■ PROBLEM TO SOLVE
Reproduce verbatim the line in which "Carga utile massima" occurs, together with each line that follows it to the end of the listing, and nothing more.
--- --- ---
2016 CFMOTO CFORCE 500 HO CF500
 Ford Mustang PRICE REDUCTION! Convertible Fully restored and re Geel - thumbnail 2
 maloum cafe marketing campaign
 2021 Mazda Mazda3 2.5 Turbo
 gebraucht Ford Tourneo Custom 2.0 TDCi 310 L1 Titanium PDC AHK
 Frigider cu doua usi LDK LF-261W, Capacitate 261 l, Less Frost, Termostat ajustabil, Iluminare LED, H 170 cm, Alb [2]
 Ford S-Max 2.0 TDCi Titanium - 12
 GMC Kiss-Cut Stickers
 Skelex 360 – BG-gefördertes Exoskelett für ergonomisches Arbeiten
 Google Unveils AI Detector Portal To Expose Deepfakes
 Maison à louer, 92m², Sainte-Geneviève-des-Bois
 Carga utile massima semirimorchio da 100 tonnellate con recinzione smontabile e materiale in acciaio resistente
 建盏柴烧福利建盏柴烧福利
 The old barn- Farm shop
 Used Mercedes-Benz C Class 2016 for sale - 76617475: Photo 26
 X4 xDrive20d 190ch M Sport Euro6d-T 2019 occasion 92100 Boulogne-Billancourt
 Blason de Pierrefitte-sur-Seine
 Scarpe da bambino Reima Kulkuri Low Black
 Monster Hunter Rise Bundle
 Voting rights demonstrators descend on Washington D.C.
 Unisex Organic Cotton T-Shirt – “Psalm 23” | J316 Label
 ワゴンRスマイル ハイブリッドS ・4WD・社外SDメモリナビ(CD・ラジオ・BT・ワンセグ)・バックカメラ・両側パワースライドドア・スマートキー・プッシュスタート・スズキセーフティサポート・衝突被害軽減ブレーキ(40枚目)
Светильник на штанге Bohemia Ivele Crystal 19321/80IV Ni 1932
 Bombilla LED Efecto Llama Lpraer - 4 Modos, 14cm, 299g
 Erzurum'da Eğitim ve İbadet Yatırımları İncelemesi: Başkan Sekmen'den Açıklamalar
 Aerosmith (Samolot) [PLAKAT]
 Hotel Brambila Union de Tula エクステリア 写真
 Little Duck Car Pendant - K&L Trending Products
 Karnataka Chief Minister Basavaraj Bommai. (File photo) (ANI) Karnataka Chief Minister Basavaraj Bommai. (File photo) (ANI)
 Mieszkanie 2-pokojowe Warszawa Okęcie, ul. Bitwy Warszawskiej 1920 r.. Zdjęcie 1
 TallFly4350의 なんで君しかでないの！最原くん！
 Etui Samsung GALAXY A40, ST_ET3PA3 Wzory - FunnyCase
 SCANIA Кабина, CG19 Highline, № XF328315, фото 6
--- --- ---
■ EXERCISE ANSWER
 Carga utile massima semirimorchio da 100 tonnellate con recinzione smontabile e materiale in acciaio resistente
 建盏柴烧福利建盏柴烧福利
 The old barn- Farm shop
 Used Mercedes-Benz C Class 2016 for sale - 76617475: Photo 26
 X4 xDrive20d 190ch M Sport Euro6d-T 2019 occasion 92100 Boulogne-Billancourt
 Blason de Pierrefitte-sur-Seine
 Scarpe da bambino Reima Kulkuri Low Black
 Monster Hunter Rise Bundle
 Voting rights demonstrators descend on Washington D.C.
 Unisex Organic Cotton T-Shirt – “Psalm 23” | J316 Label
 ワゴンRスマイル ハイブリッドS ・4WD・社外SDメモリナビ(CD・ラジオ・BT・ワンセグ)・バックカメラ・両側パワースライドドア・スマートキー・プッシュスタート・スズキセーフティサポート・衝突被害軽減ブレーキ(40枚目)
Светильник на штанге Bohemia Ivele Crystal 19321/80IV Ni 1932
 Bombilla LED Efecto Llama Lpraer - 4 Modos, 14cm, 299g
 Erzurum'da Eğitim ve İbadet Yatırımları İncelemesi: Başkan Sekmen'den Açıklamalar
 Aerosmith (Samolot) [PLAKAT]
 Hotel Brambila Union de Tula エクステリア 写真
 Little Duck Car Pendant - K&L Trending Products
 Karnataka Chief Minister Basavaraj Bommai. (File photo) (ANI) Karnataka Chief Minister Basavaraj Bommai. (File photo) (ANI)
 Mieszkanie 2-pokojowe Warszawa Okęcie, ul. Bitwy Warszawskiej 1920 r.. Zdjęcie 1
 TallFly4350의 なんで君しかでないの！最原くん！
 Etui Samsung GALAXY A40, ST_ET3PA3 Wzory - FunnyCase
 SCANIA Кабина, CG19 Highline, № XF328315, фото 6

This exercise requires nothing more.